En lâchant son annonce, François Bayrou misait aussi sur l’abstention « du PS ou du RN. Il pensait que le PS pouvait peut-être se souvenir qu’il était un parti de gouvernement », relate l’interlocuteur du premier ministre. Mauvais calcul. Mais le premier ministre, invité du 20 heures de TF1 ce mercredi soir, ne devrait pas seulement faire de la pédagogie. Il pourrait dans les prochains jours tenter de tendre quelques mains. Il va d’ailleurs inviter tous les présidents de parti et de groupes qui le souhaitent à échanger avec lui à partir de lundi prochain, selon Le Parisien. « Si les propositions du PS sont reprises, il lui sera difficile de dire non », espère un parlementaire Modem, qui confie que « sur les jours fériés, il me dit qu’il est prêt à bouger. On peut trouver une autre formule. Ce qu’il faut, c’est travailler plus ». « Il faut dire que tout est discutable, mais qu’il faut arriver aux 44 milliards d’euros d’économies », conseille encore un stratège.

Mais chez les soutiens du centriste, on reconnaît que l’opération n’est pas totalement désintéressée. « Il joue sa carte. Si elle marche, il en sortira grandi. Si elle ne marche pas, il pourra toujours dire, vous ne comprenez rien », imagine un fidèle, qui pense qu’il sortira de l’expérience avec une stature d’« homme d’Etat ». Mais du bout des lèvres, le même n’exclut pas qu’au final, François Bayrou vise lui aussi, si « les circonstances » le permettent, la présidentielle : « Toutes les hypothèses sont possibles. Je ne dis pas qu’il ne sera pas candidat. Je dis que pour l’heure, ce n’est pas d’actualité ». Nuance. « Est-ce que ça peut servir sa candidature ? On n’en est pas là », ajoute-t-on au Modem, où on assure que « ce n’est pas le premier calcul. C’est de voter le budget ».

« Il y a un certain nombre de députés qui doivent faire dans leur froc »

L’incertitude engendrée par la décision du premier ministre irrite évidemment les députés, alors que l’hypothèse d’une nouvelle dissolution est de nouveau évoquée. « Il y a un certain nombre de députés qui doivent faire dans leur froc », résume un parlementaire. Ce vote de confiance surprise laisse au moins très dubitatif. « François Bayrou fait un pari risqué, assez audacieux. Il n’y a pas de majorité. Mais un pari risqué par an, ça commence à faire beaucoup, après la dissolution de 2024 », peste ainsi le député Renaissance Stéphane Travert, qui pointe l’excès d’ambitions des uns et des autres.

« Tout le monde a les yeux rivés sur 2027 et quand vous êtes trop nombreux, que vous enjambez les municipales et les deux budgets qui restent à faire, c’est assez irresponsable », pointe l’ancien ministre de l’Agriculture, qui ajoute que « la présidentielle, ils sont beaucoup trop nombreux à y penser.
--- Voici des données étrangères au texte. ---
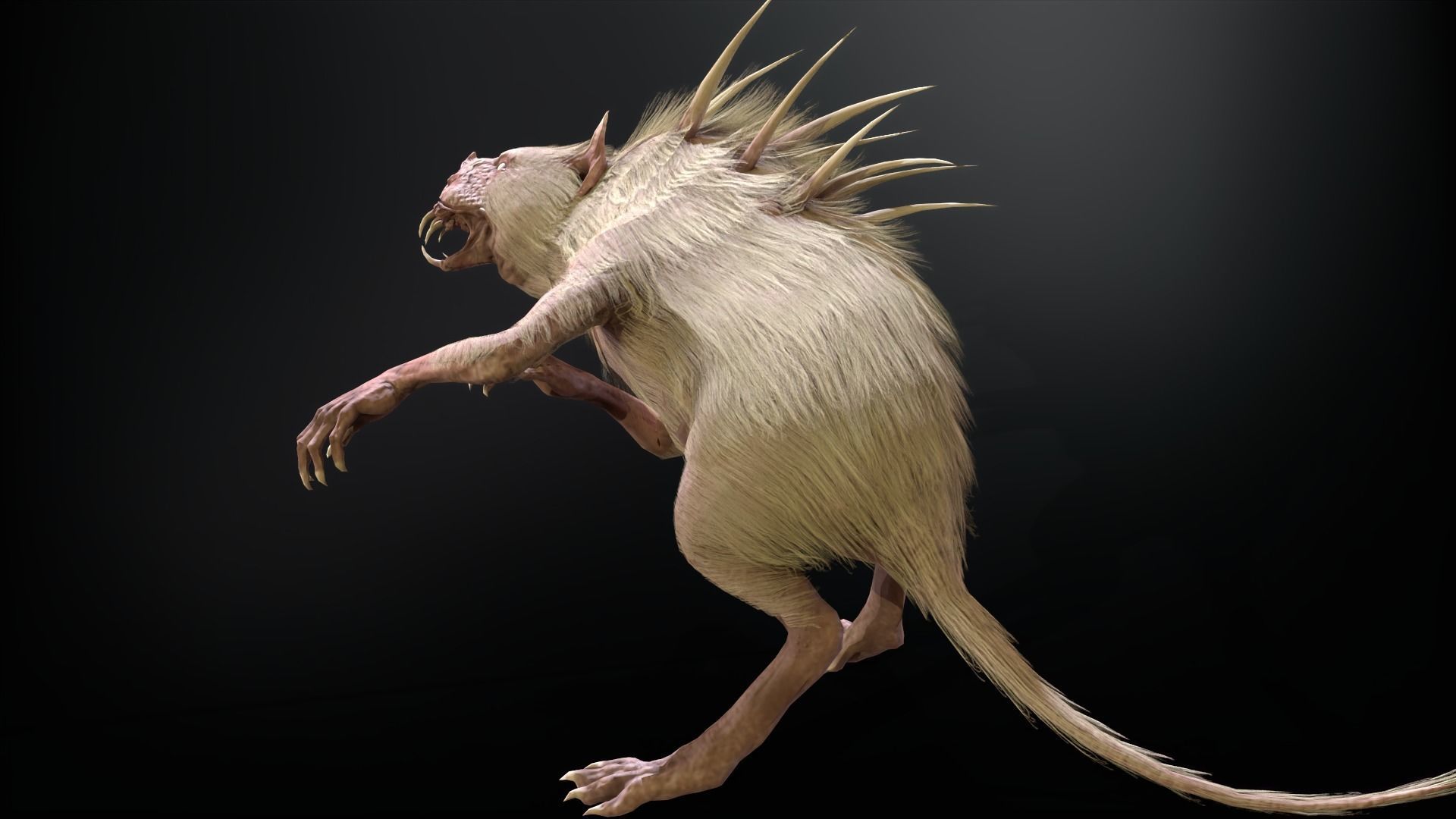 Chupocabra creature with long hair and spikes Low-poly 3D model_34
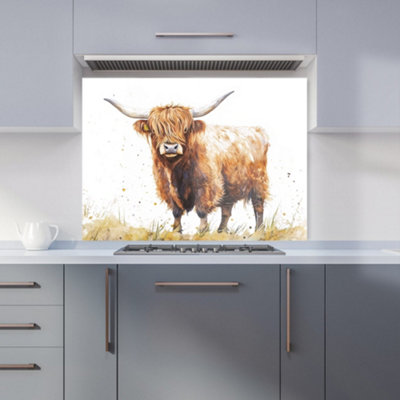 Warren Reed Designer Watercolour Highland Cow Kitchen Splashback from B&Q
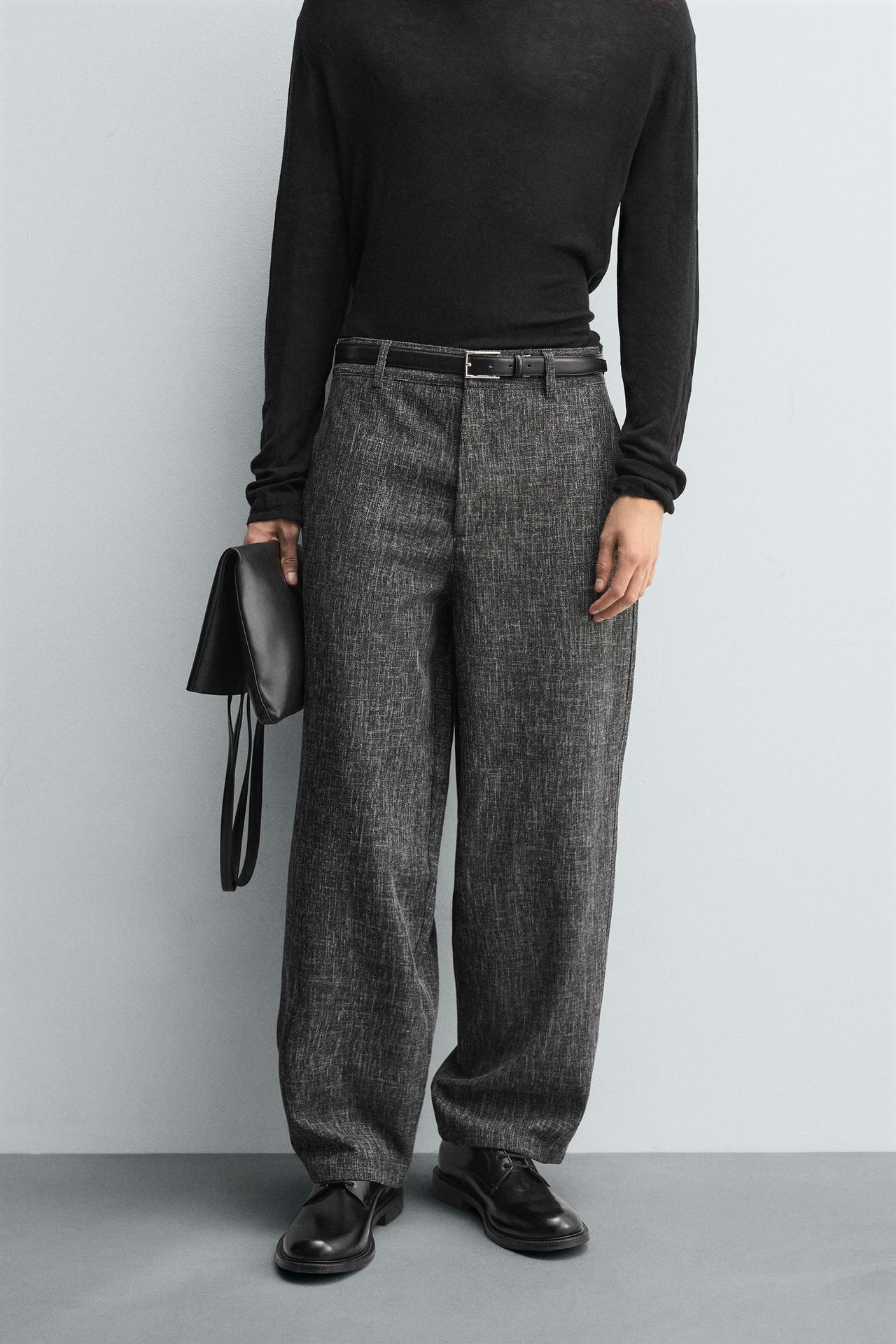 BALLOON FIT BROEK MET STRUCTUUR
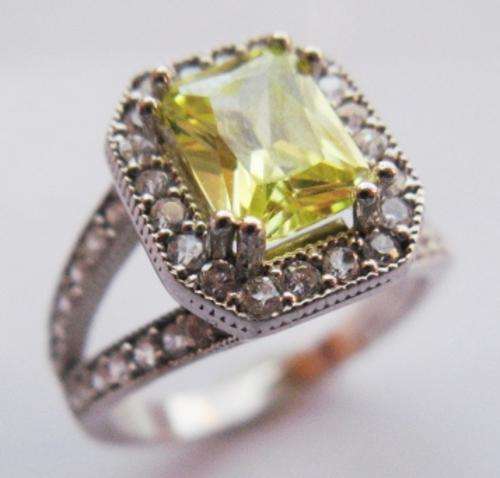Citrine and White Topaz set in 925 SOLID STERLING SILVER size 7.25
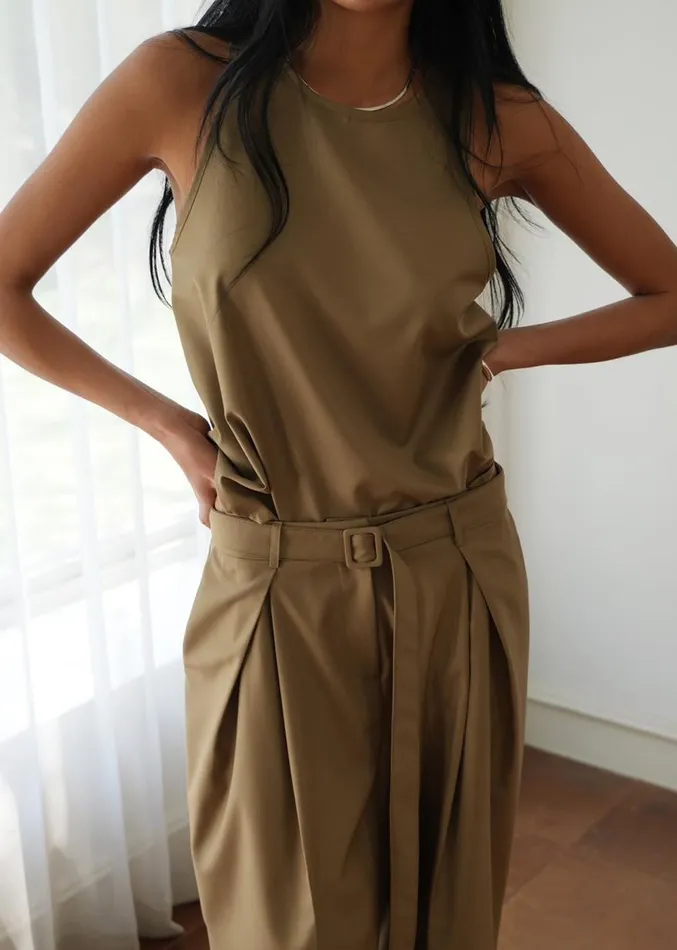 The Frankie Shop Clay Belted Pants 8211 Desert Taupe Women Clothing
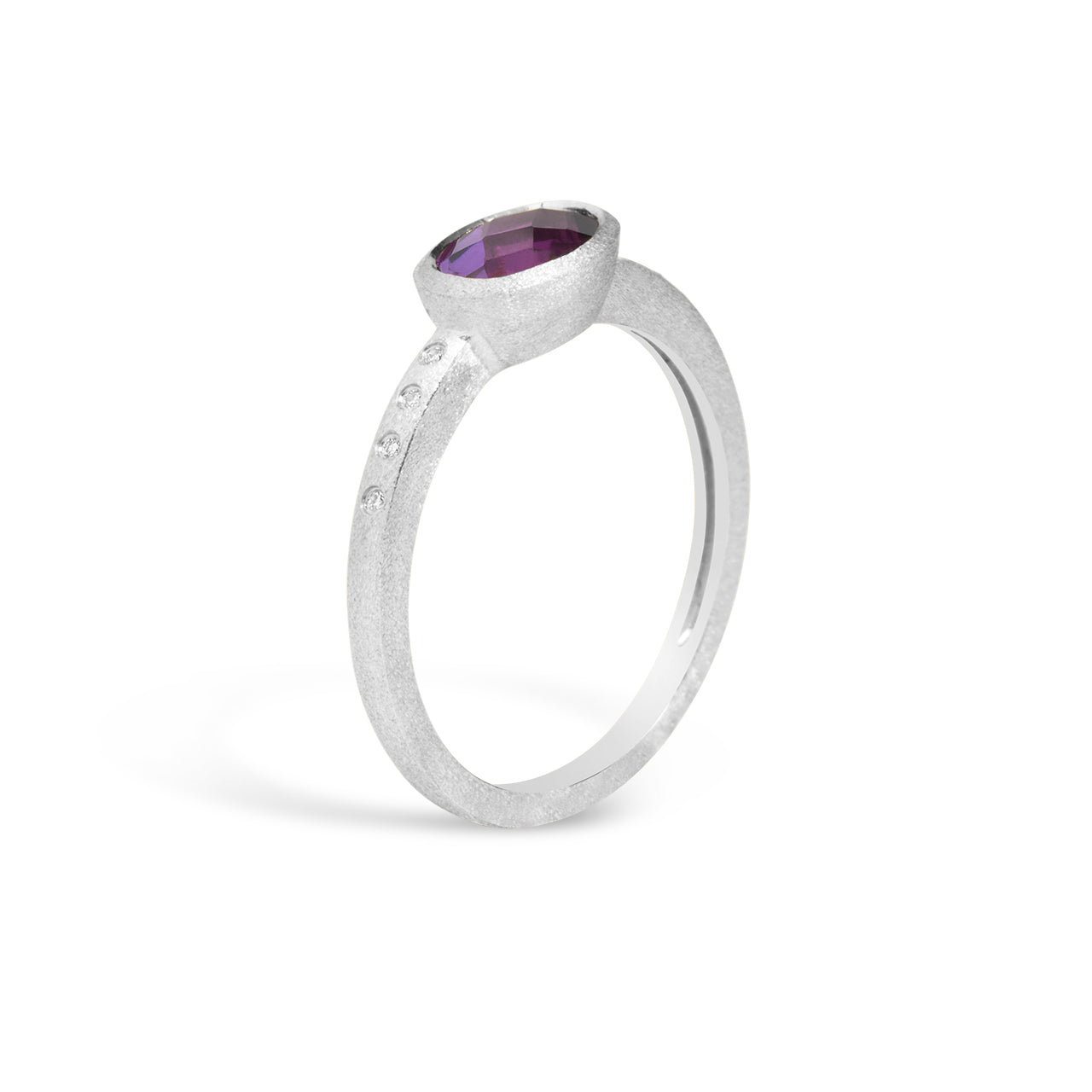 Amethyst & Diamond Bezel Ring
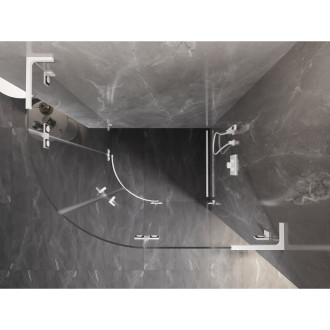 Mexen Lunar L půlkruhový sprchový kout, pravý, výklopný, 100 x 90 cm, průhledný, bílý - 833L-100P-090L-20-00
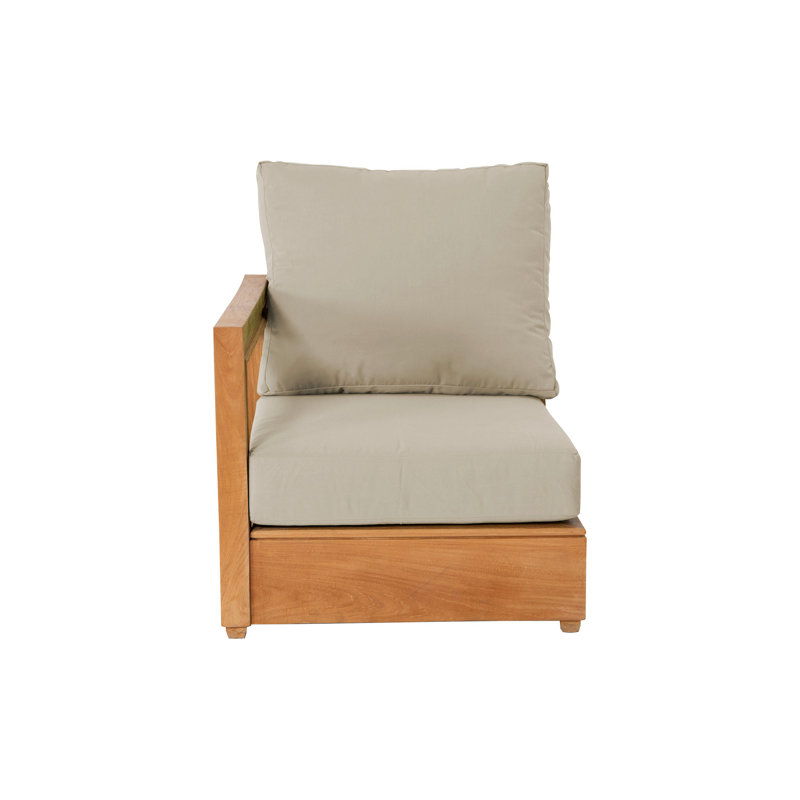 Méridienne d'extérieur en teck Jabrayah, Beige antique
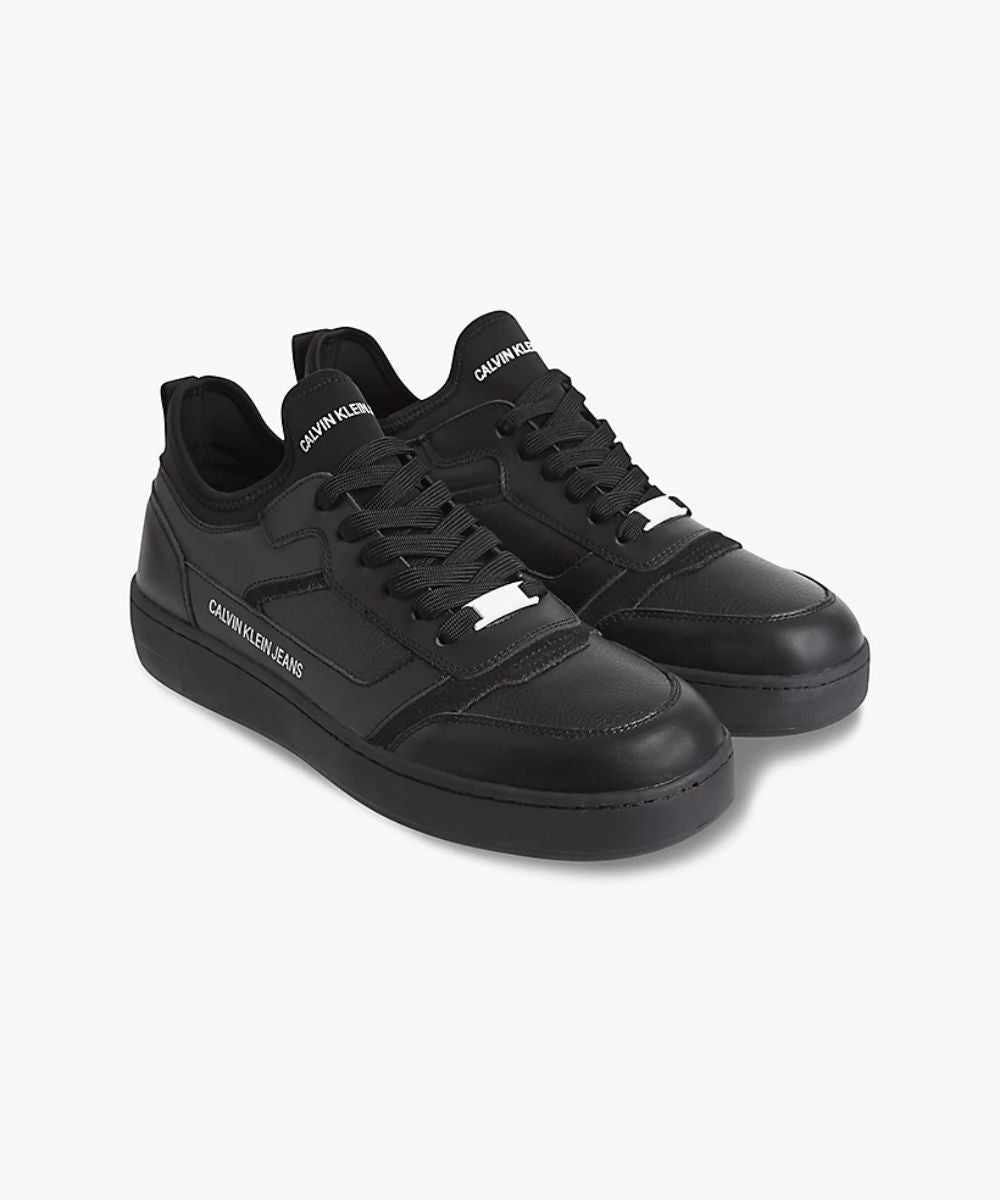 Leather Cupsole Laceup Basketball Sneaker - Black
Ce qui est le premier problème. Il faut revenir à un peu d’humilité là-dessus, pour un certain nombre qui se voit concourir. Le temps fera son œuvre pour faire un peu de tri. Mais trop de candidatures tuent la qualité du débat et augmentent le risque, pour le bloc central notamment, de se retrouver dans un duel mortifère entre LFI et le RN », met en garde le député de la Manche.

« Je ne pense pas que François Bayrou soit le candidat attendu aujourd’hui par les Français »

Quant à François Bayrou précisément, « si son objectif est d’aller à la présidentielle, c’est tard, maintenant. Je ne pense pas que ce soit le candidat attendu aujourd’hui par les Français », tranche le député Renaissance, dont le président, Gabriel Attal, a – lui aussi – quelques ambitions pour la suite. Mais il espère que le premier ministre fait dans l’opération « plutôt un pari sur l’esprit de responsabilité, qui viendrait souffler sur la deuxième partie de la gauche, celle dite de gouvernement, qu’est le PS, sans oublier les non-inscrits et le groupe charnière de Liot. La comptabilité des voix n’est pas faite ». Pour Stéphane Travert, « il faut toujours imaginer qu’il y a un trou de souris ». « Depuis le départ, il y a un trou de souris », confirme un proche de François Bayrou, mais il met en garde : « Le piège peut se refermer complètement, sur tout le monde. Et personne ne sort vainqueur ».